Ashoknagar in North 24-Parganas is 32 kilometres from the India-Bangladesh border. This is where Vinayak Bhattacharya grew up in the 1960s. He has seen Habra Urban Colony, a settlement of refugees from East Pakistan metamorphose. Following Partition, the Congress government — led by chief minister Bidhan Chandra Roy — developed this erstwhile British Royal Air Force base known as Baigachi airfield into a planned municipal city. Bhattacharya says, “As a child, I roamed around the abandoned hangars, and the factories and mills founded here to generate employment for the rehabilitated refugees. And I often wondered what life was like on the other side of the border.”

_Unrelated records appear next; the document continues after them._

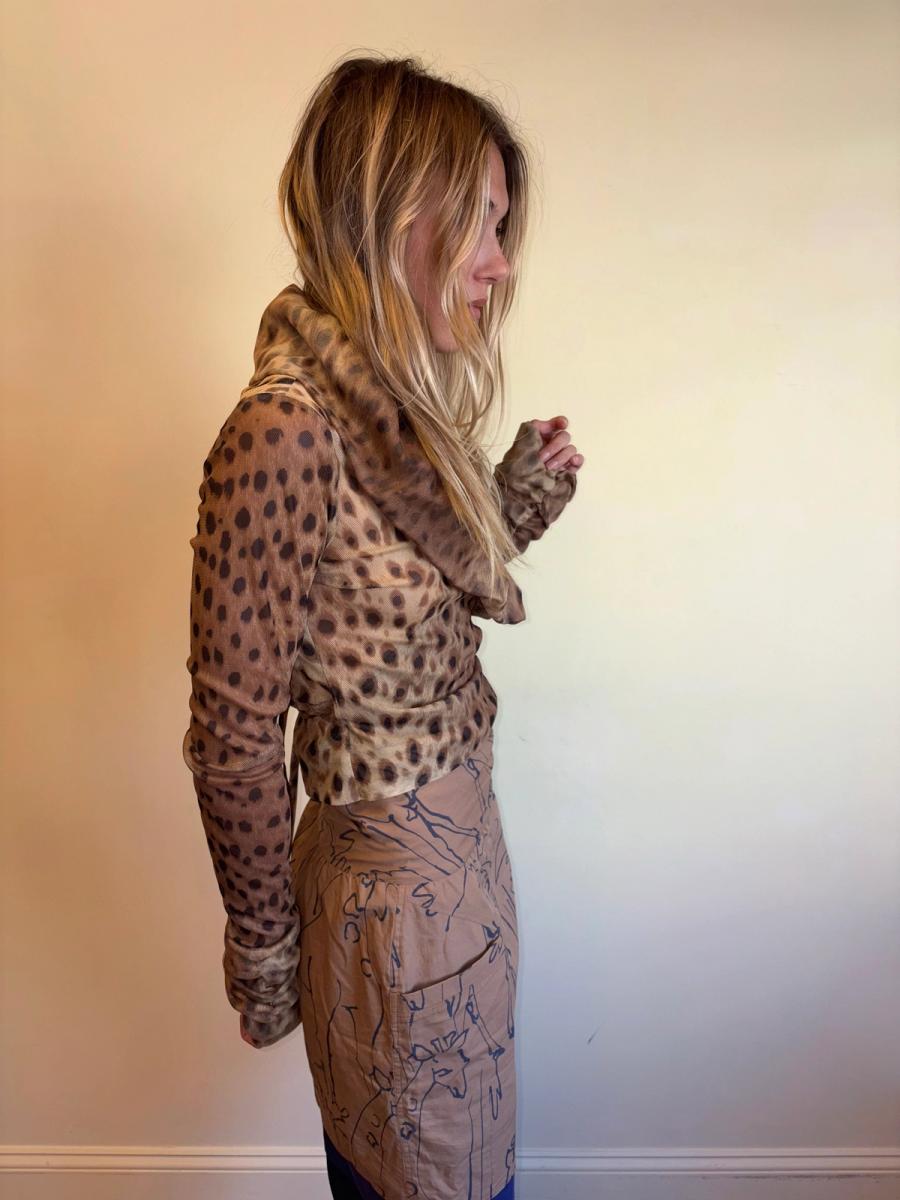 Ficce Yoshiyuki Konishi Cheetah Tulle Wrap Top product image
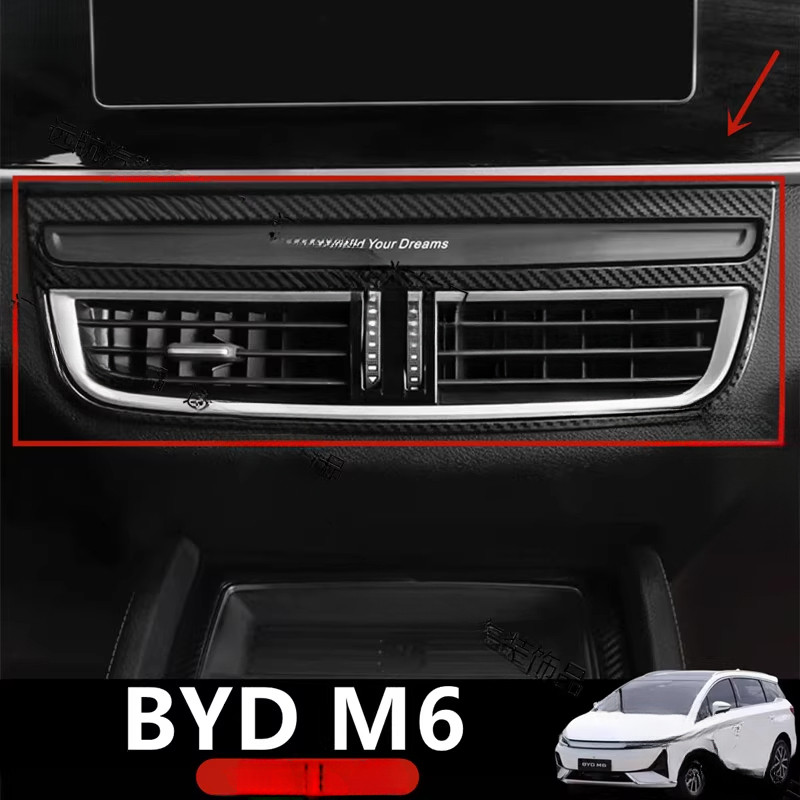 BYD M6 Central Navigation คาร์บอนไฟเบอร์ Air Outlet กรอบตกแต่ง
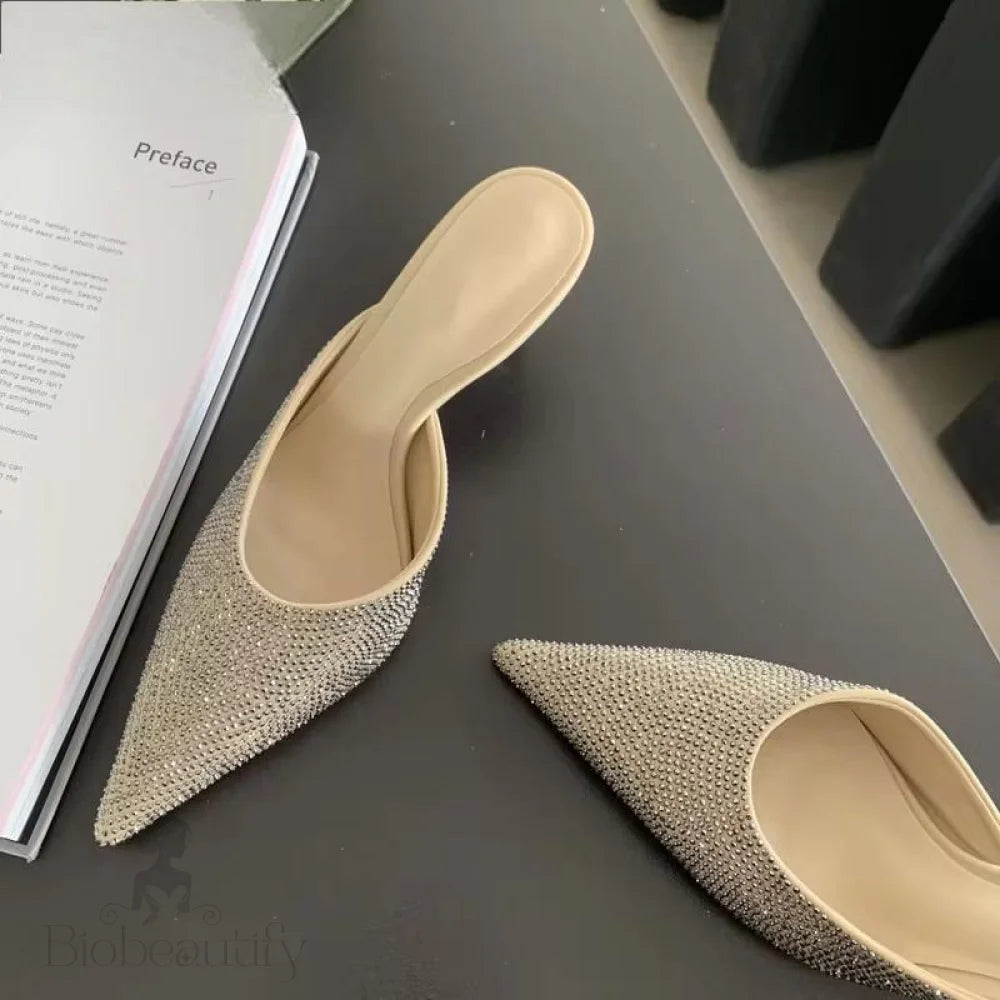 Crystal Women Slippers With Thin Low Heels Apricot / 35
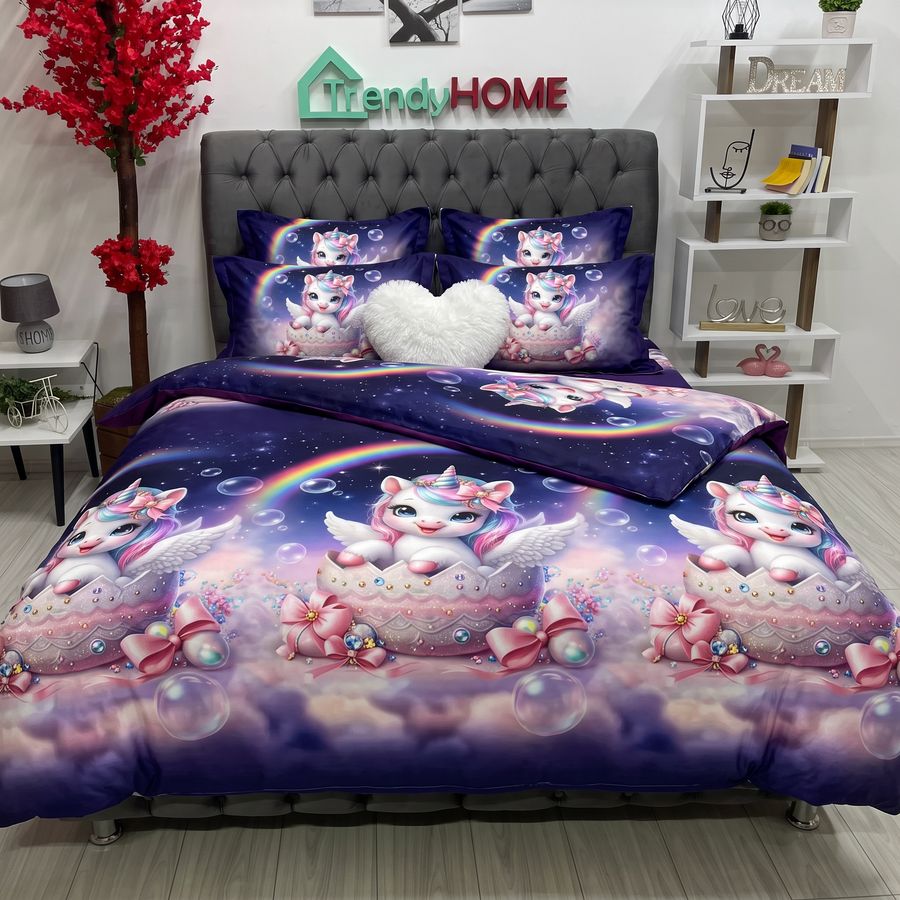 Lenjerie Pat Dublu Cu Elastic, Bumbac Satinat, Unicorn, Multicolor, E190 — fotografie reală, acasă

Now an assistant professor in the department of painting at the College of Art & Design, Burdwan, Bhattacharya made frequent trips to the border till recently. He has visited various checkposts near Basirhat, Gede-Banpur and Jangipur and will tell you that the border is “a brutal legacy of Partition that has kept alive a tradition of violence, trauma and anxiety”.
Security guards and criminals alike regarded Bhattacharya with suspicion whenever he frequented the border areas to take photographs, make sketches.
On more than one occasion, he had been detained for questioning. The standard line: “This is not a place for a gentleman, a professor like you. Why don’t you travel to the beautiful mountains, oceans and forests instead?”
As Bhattacharya puts it, “There is a palpable fear in these borderlands, in the pristine paddy fields, in the streams and the rivulets.” A school dropout once told Bhattacharya nonchalantly that people like him couldn’t afford to waste time in classrooms because most of them turned bootleggers and were invariably shot or maimed, long before they made it to adulthood.
To convey the brutality of the border through his art, Bhattacharya uses craft knives to carve out his sketches onto masonite or engineered wood boards. Then he rolls black ink selectively on the boards and takes prints on art-grade rice paper. He says, “To capture the gloom and fear, I use black.” He continues, “Man built the border. Clouds, rivers, birds and animals don’t care for such boundaries.”